(Data entries)
Content starts
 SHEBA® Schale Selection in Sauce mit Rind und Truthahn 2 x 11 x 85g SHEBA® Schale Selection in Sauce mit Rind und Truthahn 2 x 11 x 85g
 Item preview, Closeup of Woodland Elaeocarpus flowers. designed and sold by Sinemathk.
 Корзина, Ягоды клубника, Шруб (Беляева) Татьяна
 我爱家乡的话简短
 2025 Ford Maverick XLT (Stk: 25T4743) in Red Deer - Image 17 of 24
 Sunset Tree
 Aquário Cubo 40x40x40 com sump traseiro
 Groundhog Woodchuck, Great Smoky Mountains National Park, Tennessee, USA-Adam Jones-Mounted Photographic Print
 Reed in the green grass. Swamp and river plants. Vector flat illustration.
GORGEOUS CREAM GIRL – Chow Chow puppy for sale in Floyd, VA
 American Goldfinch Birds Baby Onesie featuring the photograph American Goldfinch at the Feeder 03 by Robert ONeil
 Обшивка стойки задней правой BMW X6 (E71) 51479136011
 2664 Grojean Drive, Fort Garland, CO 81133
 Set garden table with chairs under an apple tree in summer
Content ends
### [What is being asked]
Once the line with "Reed in the" is found, transcribe it and each line after it through the final line of the entries, exactly and only.

### [Result of this task]
 Reed in the green grass. Swamp and river plants. Vector flat illustration.
GORGEOUS CREAM GIRL – Chow Chow puppy for sale in Floyd, VA
 American Goldfinch Birds Baby Onesie featuring the photograph American Goldfinch at the Feeder 03 by Robert ONeil
 Обшивка стойки задней правой BMW X6 (E71) 51479136011
 2664 Grojean Drive, Fort Garland, CO 81133
 Set garden table with chairs under an apple tree in summer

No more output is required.